Harry dejó el auricular encima de la mesa y corrió pasillo adelante hacia la puerta de la entrada. Había un teléfono público en la acera de enfrente, dos portales más abajo. ¡El asesino ha de estar allí!
Aunque era ya tarde, aún no había oscurecido. Harry esquivó un taxi y cruzó la calle como una exhalación. Bajo el minicobertizo que resguardaba el teléfono no había nadie, pero alguien había estado allí hacía unos instantes, ya que el auricular colgaba del cordón y oscilaba de lado a lado como un péndulo. Un pañuelo blanco, dejado en la pequeña repisa metálica del teléfono, indicaba que el asesino había borrado las huellas dactilares.
Harry corrió hacia la primera bocacalle, que daba a la Quinta Avenida. Los viandantes atestaban ambas aceras. Harry las recorrió con la mirada, a ver si veía a alguien que le llamase la atención. Pero nada. Carla Dejesus, la anciana dueña de una tienda, dejó de barrer la entrada y lo saludó con la mano. Harry correspondió a su saludo, se le acercó y le preguntó si había visto a alguien de aspecto inusual pasar por delante o correr por la avenida.
La tendera no había visto nada anormal.
Harry sintió deseos de gritar y de emprenderla a patadas con cualquier cosa, pero no habría faltado más que eso, con su cordura tan en entredicho.
– Daré contigo, cabrón -masculló Harry sin dejar de mirar a un lado y a otro-. Voy a dar contigo cueste lo que cueste.

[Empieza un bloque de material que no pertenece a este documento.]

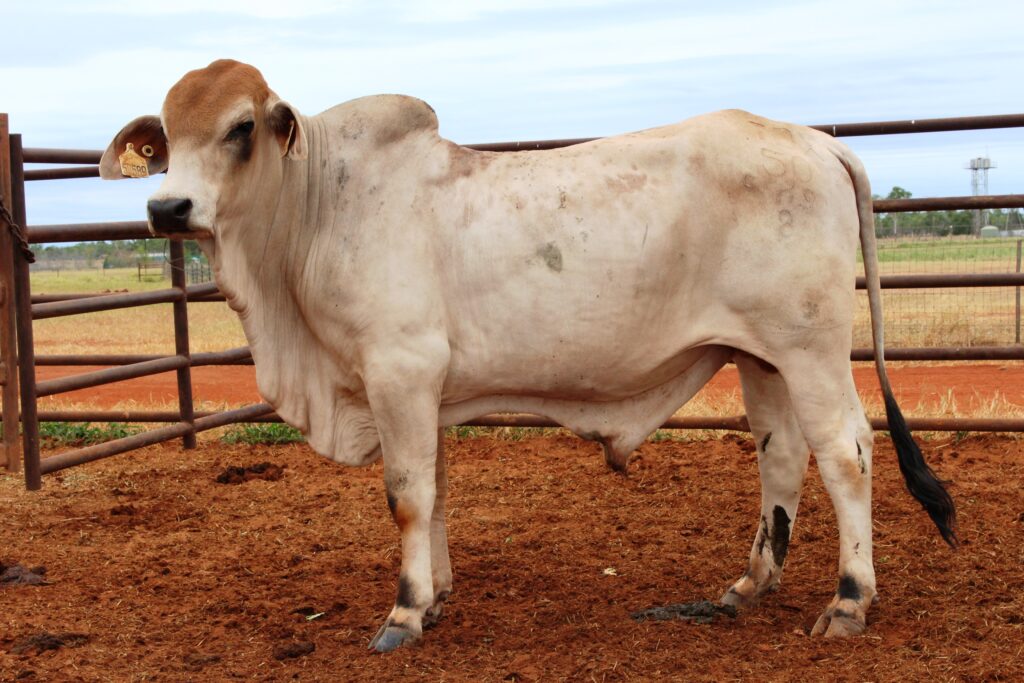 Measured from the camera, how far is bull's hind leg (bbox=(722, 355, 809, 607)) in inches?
181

Volvió a la consulta para cerrarlo todo bien con llave y llamó a su apartamento. Maura cogió el teléfono en seguida. Hasta oír su voz, no se percató Corbett de lo preocupado que había estado por ella.
– Hola, Maura, soy Harry.
– ¿Qué tal, señor médico?
Se lo dijo con la voz demasiado cantarina y chispeante. Oírla acabó de abatirlo.
– ¿Ha vuelto a beber, eh, Maura?
El silencio que siguió no pudo ser más elocuente.

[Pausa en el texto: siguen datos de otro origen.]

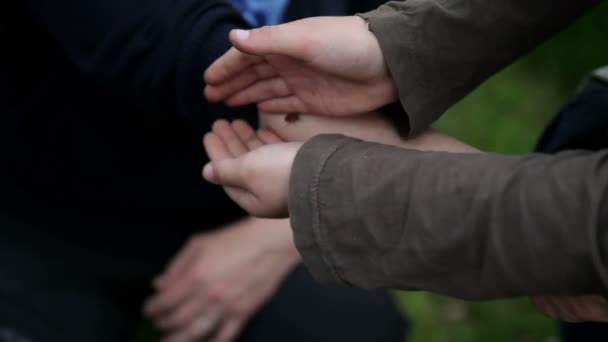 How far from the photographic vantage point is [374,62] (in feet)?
2.27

– Sí, pero no tanto como para preocuparse -replicó ella.
– Maura, por favor -dijo él, que temía por Maura tanto como temía perder el control y empezar a despotricar-, no beba más. Por favor, la necesito. El asesino de Evie cree que pagué a alguien para que nos siguiese anoche y que soy el responsable de la muerte de su compinche. Es más, para pagarme con la misma moneda, hace unas horas ha matado a uno de mis pacientes, un joven de treinta y tres años. Se coló en su habitación y lo mató. Y hace un rato ha llamado para alardear de haberlo hecho. Usted…
Harry tuvo que interrumpirse para no perder la calma. Maura seguía callada.
– … usted es la única amiga que tengo en estos momentos -prosiguió-. No sé qué hacer. Ese condenado me amenaza con no dejar de hacerme daño, o hacérselo a mis pacientes, hasta que… me suicide.
– ¿Por qué no vuelve a casa, Harry? -dijo Maura al cabo de unos instantes que a Harry se le hicieron eternos.
– ¿Y usted qué va a hacer?
– Pues, para empezar, darme una ducha.
– Lo más fría posible -le recomendó Harry, que dio gracias a Dios por la sensata decisión de Maura.